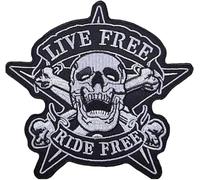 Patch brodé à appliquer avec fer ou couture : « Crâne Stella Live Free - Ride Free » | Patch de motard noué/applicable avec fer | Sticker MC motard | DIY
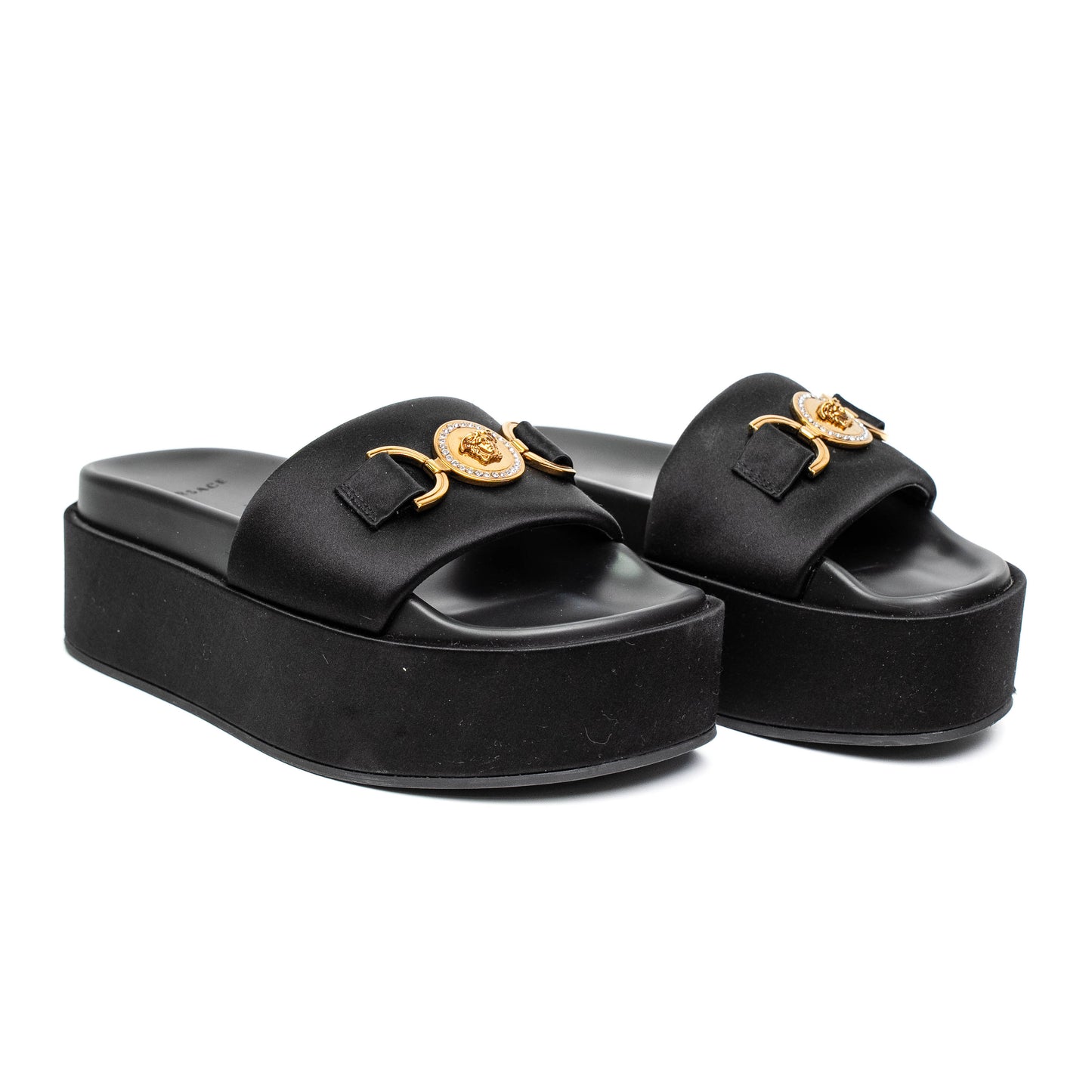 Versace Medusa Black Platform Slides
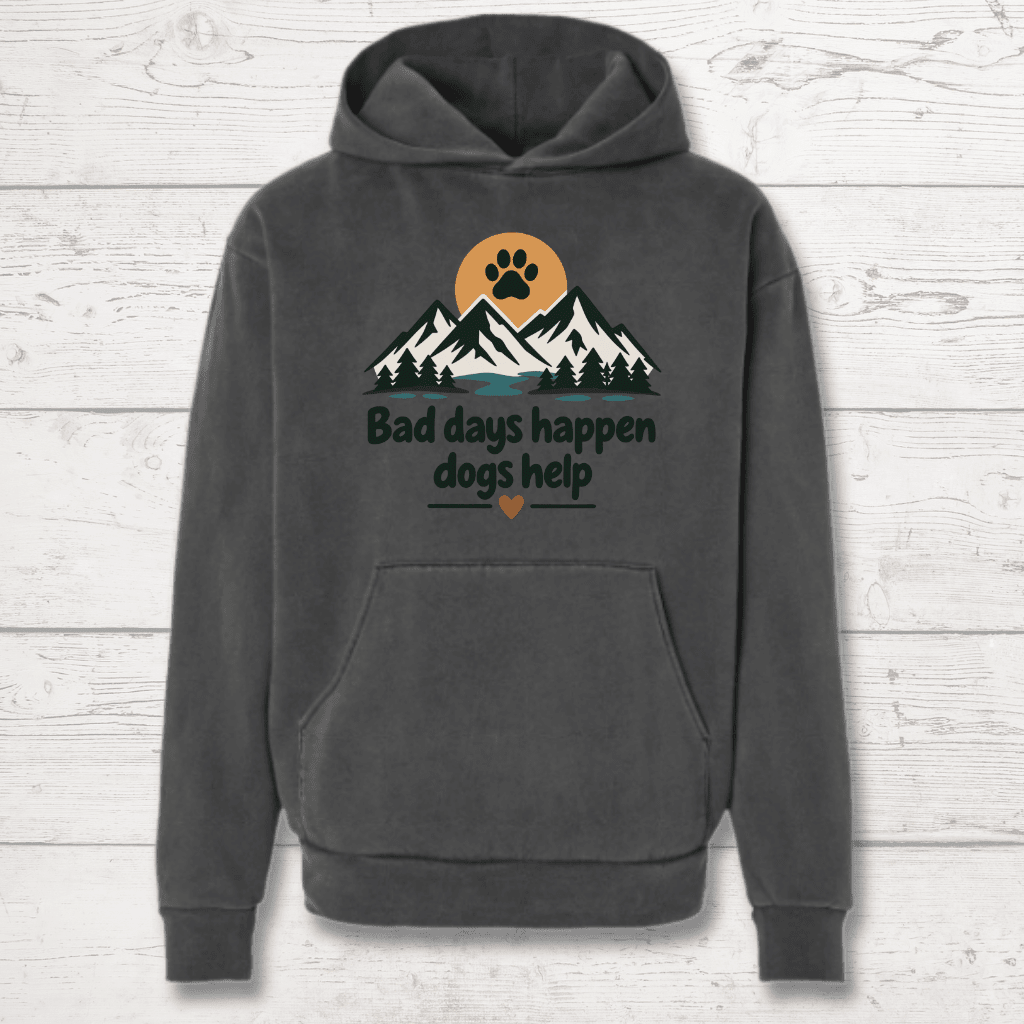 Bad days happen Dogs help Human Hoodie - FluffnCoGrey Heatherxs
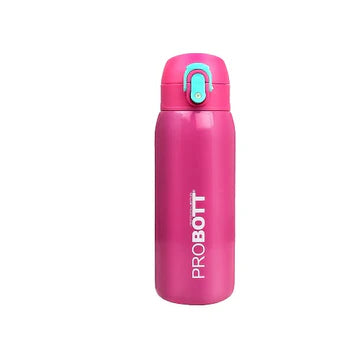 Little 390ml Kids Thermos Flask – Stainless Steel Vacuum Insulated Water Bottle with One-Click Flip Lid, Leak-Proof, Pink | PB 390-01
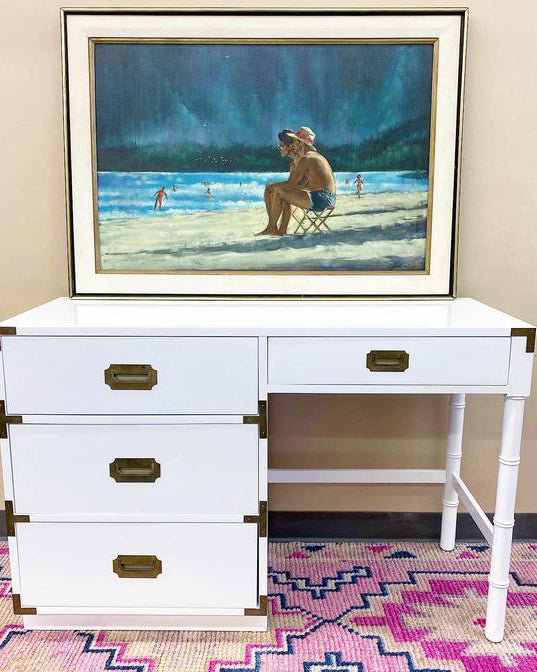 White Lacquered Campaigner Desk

★ ★ ★

▶ _TASK STATEMENT_: Leave out the pictures, then give all the records again exactly.

▶ _FINAL ANSWER_:
 Patch brodé à appliquer avec fer ou couture : « Crâne Stella Live Free - Ride Free » | Patch de motard noué/applicable avec fer | Sticker MC motard | DIY
 Versace Medusa Black Platform Slides
 Bad days happen Dogs help Human Hoodie - FluffnCoGrey Heatherxs
 Little 390ml Kids Thermos Flask – Stainless Steel Vacuum Insulated Water Bottle with One-Click Flip Lid, Leak-Proof, Pink | PB 390-01
 White Lacquered Campaigner Desk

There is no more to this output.